Authorities investigating possible fraud by a longtime GOP operative have determined that the House Republican campaign committee has lost a substantial sum of money, and several GOP lawmakers believe funds were pilfered from their campaign accounts as well, law enforcement and Capitol Hill sources said yesterday.

The National Republican Congressional Committee, the House Republicans' campaign arm, lost a "significant amount of money," said a law enforcement official who also confirmed that the FBI has begun investigating the committee's longtime treasurer, Christopher J. Ward.

An official close to the NRCC said preliminary reviews of its bank statements and reports to the Federal Election Commission demonstrate clear discrepancies between "what [money] we have and what we should have."

"We don't know if it's a big number or a small number," the official said. "It looks like something was stolen. But we don't have an accurate number. We don't know."

Ward has served as treasurer for dozens of other campaigns and political action committees during a lengthy career as a political operative. He was fired in late January after the committee discovered that no independent audits of the organization's books had been performed since 2003.

The committee announced that it had asked the FBI to investigate and, in a statement, said the "irregularities" uncovered after its own audit "may include fraud."

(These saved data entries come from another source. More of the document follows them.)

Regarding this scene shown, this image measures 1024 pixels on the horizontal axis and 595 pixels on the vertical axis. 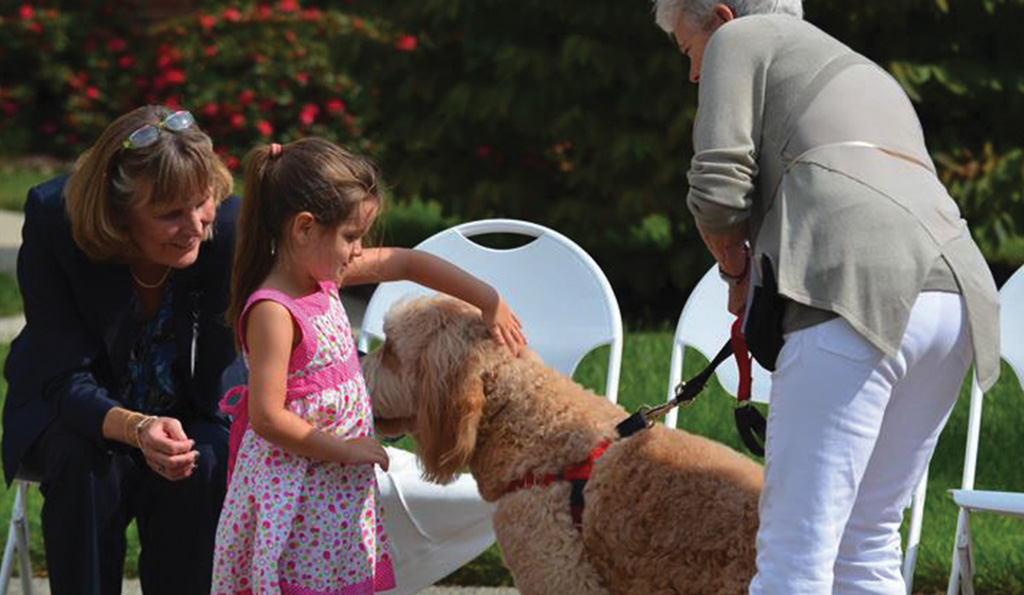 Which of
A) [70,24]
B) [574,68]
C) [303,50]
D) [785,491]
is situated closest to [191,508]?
[785,491]

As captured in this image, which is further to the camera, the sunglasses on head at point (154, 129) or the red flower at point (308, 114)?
the red flower at point (308, 114)

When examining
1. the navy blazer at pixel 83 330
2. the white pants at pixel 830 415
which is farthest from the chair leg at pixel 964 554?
the navy blazer at pixel 83 330

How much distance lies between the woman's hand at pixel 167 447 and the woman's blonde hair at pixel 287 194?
0.30 m

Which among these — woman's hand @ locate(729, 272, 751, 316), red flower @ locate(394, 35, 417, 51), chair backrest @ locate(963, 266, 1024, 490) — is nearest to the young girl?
woman's hand @ locate(729, 272, 751, 316)

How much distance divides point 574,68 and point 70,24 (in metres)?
8.46

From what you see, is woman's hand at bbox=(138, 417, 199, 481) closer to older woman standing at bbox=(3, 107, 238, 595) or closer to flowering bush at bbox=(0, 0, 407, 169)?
older woman standing at bbox=(3, 107, 238, 595)

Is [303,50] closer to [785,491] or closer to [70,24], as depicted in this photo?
[70,24]

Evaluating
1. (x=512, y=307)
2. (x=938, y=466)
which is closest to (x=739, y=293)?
(x=512, y=307)

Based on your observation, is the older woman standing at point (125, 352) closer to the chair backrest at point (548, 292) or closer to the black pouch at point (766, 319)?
the chair backrest at point (548, 292)

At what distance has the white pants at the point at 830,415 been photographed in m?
3.12

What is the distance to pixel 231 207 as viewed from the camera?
14.5ft

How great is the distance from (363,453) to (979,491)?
1.53m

Ronald C. Machen, an attorney for Ward, did not return a telephone call or respond to an e-mail seeking comment yesterday evening.

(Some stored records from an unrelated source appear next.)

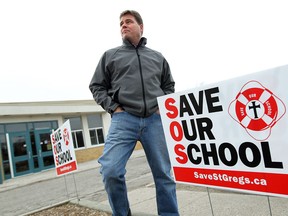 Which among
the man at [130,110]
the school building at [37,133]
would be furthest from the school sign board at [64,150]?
the school building at [37,133]

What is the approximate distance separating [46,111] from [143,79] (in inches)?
648

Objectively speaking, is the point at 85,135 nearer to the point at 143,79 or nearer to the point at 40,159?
the point at 40,159

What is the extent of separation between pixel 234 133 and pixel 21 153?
16962mm

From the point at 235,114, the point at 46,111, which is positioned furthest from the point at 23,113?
the point at 235,114

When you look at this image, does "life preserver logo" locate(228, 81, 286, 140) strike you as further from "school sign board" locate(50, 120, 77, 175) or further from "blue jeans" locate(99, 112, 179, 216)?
"school sign board" locate(50, 120, 77, 175)

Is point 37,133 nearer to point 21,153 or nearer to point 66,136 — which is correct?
point 21,153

Rep. Mike Conaway (R-Tex.), head of the NRCC's auditing subcommittee, said yesterday that he has spoken with several lawmakers who said their political committees were victimized as well. He declined to name those lawmakers but said they are conducting similarly intensive financial reviews to determine how much money might be missing.

Yesterday, NRCC aides declined to comment on the status of the FBI investigation or whether Republicans had determined if money was inappropriately diverted out of campaign accounts.

Covington & Burling, the outside law firm hired by the NRCC to conduct its investigation, has brought on the accounting firm PricewaterhouseCoopers to determine precisely how the situation unfolded.

Lawmakers and aides have said the committee's investigation revolves around Ward, who worked for the committee for several years and was treasurer from 2003 until September 2007. He subsequently worked for the committee as a contractor and was paid through his own firm, C.J. Ward & Co.

Conaway, a certified public accountant, said he had demanded that Ward set up a meeting with a team of outside auditors who, Ward had told officials, had been reviewing NRCC books . On the day of the meeting was scheduled, Conaway said, the committee learned that no such auditing team had existed since 2003, the year that Ward was named treasurer.